Problem statement:
Please output the entries below exactly as they are.
── Task input
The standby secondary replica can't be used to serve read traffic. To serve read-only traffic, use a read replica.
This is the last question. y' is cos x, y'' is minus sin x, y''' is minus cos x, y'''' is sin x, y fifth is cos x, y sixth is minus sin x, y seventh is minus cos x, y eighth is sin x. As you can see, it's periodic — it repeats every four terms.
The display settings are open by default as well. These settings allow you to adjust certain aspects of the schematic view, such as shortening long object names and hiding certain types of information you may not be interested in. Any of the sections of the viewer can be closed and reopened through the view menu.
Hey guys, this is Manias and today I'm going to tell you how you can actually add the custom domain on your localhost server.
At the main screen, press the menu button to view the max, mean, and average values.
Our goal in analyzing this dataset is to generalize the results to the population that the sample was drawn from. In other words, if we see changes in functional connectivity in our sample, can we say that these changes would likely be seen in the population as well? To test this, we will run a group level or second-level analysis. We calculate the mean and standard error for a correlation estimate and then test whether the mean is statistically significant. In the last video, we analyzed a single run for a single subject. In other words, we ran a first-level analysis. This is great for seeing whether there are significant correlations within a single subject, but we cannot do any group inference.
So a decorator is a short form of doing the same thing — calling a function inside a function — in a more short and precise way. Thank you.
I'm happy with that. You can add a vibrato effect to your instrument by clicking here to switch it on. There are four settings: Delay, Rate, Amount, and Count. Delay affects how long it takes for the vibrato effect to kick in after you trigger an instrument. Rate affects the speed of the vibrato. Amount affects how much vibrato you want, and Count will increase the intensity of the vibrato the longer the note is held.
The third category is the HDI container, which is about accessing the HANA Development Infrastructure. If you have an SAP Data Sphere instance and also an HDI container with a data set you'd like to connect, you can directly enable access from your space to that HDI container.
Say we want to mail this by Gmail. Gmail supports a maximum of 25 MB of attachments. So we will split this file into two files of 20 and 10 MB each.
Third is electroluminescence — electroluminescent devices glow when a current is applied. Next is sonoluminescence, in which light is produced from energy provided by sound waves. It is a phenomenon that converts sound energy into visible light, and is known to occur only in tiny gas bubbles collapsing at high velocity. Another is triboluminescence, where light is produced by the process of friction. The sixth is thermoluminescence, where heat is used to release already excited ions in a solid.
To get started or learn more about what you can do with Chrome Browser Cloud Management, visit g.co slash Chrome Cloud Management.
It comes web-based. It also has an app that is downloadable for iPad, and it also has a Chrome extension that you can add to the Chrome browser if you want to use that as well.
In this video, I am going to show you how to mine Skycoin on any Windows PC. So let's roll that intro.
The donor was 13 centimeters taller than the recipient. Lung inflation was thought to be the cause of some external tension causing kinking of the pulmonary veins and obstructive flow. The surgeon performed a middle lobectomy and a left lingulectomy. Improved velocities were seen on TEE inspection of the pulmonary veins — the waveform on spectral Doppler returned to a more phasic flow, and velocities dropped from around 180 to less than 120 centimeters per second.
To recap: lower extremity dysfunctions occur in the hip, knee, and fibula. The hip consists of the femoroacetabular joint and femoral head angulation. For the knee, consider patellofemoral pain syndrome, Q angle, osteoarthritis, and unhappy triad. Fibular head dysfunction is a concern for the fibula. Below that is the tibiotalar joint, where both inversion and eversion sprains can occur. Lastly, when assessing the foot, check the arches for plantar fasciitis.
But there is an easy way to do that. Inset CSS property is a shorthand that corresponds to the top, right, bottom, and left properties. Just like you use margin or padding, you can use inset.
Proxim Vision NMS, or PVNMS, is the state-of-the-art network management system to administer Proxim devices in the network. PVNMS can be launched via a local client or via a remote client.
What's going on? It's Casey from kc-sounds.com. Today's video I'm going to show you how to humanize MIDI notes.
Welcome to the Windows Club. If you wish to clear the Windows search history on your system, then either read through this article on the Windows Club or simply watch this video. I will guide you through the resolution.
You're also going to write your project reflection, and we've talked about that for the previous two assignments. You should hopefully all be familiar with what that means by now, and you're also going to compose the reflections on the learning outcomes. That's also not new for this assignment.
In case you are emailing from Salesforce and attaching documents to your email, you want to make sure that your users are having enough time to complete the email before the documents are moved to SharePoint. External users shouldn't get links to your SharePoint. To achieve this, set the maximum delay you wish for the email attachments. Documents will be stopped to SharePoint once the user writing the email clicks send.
────
Exercise answer:
The standby secondary replica can't be used to serve read traffic. To serve read-only traffic, use a read replica.
This is the last question. y' is cos x, y'' is minus sin x, y''' is minus cos x, y'''' is sin x, y fifth is cos x, y sixth is minus sin x, y seventh is minus cos x, y eighth is sin x. As you can see, it's periodic — it repeats every four terms.
The display settings are open by default as well. These settings allow you to adjust certain aspects of the schematic view, such as shortening long object names and hiding certain types of information you may not be interested in. Any of the sections of the viewer can be closed and reopened through the view menu.
Hey guys, this is Manias and today I'm going to tell you how you can actually add the custom domain on your localhost server.
At the main screen, press the menu button to view the max, mean, and average values.
Our goal in analyzing this dataset is to generalize the results to the population that the sample was drawn from. In other words, if we see changes in functional connectivity in our sample, can we say that these changes would likely be seen in the population as well? To test this, we will run a group level or second-level analysis. We calculate the mean and standard error for a correlation estimate and then test whether the mean is statistically significant. In the last video, we analyzed a single run for a single subject. In other words, we ran a first-level analysis. This is great for seeing whether there are significant correlations within a single subject, but we cannot do any group inference.
So a decorator is a short form of doing the same thing — calling a function inside a function — in a more short and precise way. Thank you.
I'm happy with that. You can add a vibrato effect to your instrument by clicking here to switch it on. There are four settings: Delay, Rate, Amount, and Count. Delay affects how long it takes for the vibrato effect to kick in after you trigger an instrument. Rate affects the speed of the vibrato. Amount affects how much vibrato you want, and Count will increase the intensity of the vibrato the longer the note is held.
The third category is the HDI container, which is about accessing the HANA Development Infrastructure. If you have an SAP Data Sphere instance and also an HDI container with a data set you'd like to connect, you can directly enable access from your space to that HDI container.
Say we want to mail this by Gmail. Gmail supports a maximum of 25 MB of attachments. So we will split this file into two files of 20 and 10 MB each.
Third is electroluminescence — electroluminescent devices glow when a current is applied. Next is sonoluminescence, in which light is produced from energy provided by sound waves. It is a phenomenon that converts sound energy into visible light, and is known to occur only in tiny gas bubbles collapsing at high velocity. Another is triboluminescence, where light is produced by the process of friction. The sixth is thermoluminescence, where heat is used to release already excited ions in a solid.
To get started or learn more about what you can do with Chrome Browser Cloud Management, visit g.co slash Chrome Cloud Management.
It comes web-based. It also has an app that is downloadable for iPad, and it also has a Chrome extension that you can add to the Chrome browser if you want to use that as well.
In this video, I am going to show you how to mine Skycoin on any Windows PC. So let's roll that intro.
The donor was 13 centimeters taller than the recipient. Lung inflation was thought to be the cause of some external tension causing kinking of the pulmonary veins and obstructive flow. The surgeon performed a middle lobectomy and a left lingulectomy. Improved velocities were seen on TEE inspection of the pulmonary veins — the waveform on spectral Doppler returned to a more phasic flow, and velocities dropped from around 180 to less than 120 centimeters per second.
To recap: lower extremity dysfunctions occur in the hip, knee, and fibula. The hip consists of the femoroacetabular joint and femoral head angulation. For the knee, consider patellofemoral pain syndrome, Q angle, osteoarthritis, and unhappy triad. Fibular head dysfunction is a concern for the fibula. Below that is the tibiotalar joint, where both inversion and eversion sprains can occur. Lastly, when assessing the foot, check the arches for plantar fasciitis.
But there is an easy way to do that. Inset CSS property is a shorthand that corresponds to the top, right, bottom, and left properties. Just like you use margin or padding, you can use inset.
Proxim Vision NMS, or PVNMS, is the state-of-the-art network management system to administer Proxim devices in the network. PVNMS can be launched via a local client or via a remote client.
What's going on? It's Casey from kc-sounds.com. Today's video I'm going to show you how to humanize MIDI notes.
Welcome to the Windows Club. If you wish to clear the Windows search history on your system, then either read through this article on the Windows Club or simply watch this video. I will guide you through the resolution.
You're also going to write your project reflection, and we've talked about that for the previous two assignments. You should hopefully all be familiar with what that means by now, and you're also going to compose the reflections on the learning outcomes. That's also not new for this assignment.
In case you are emailing from Salesforce and attaching documents to your email, you want to make sure that your users are having enough time to complete the email before the documents are moved to SharePoint. External users shouldn't get links to your SharePoint. To achieve this, set the maximum delay you wish for the email attachments. Documents will be stopped to SharePoint once the user writing the email clicks send.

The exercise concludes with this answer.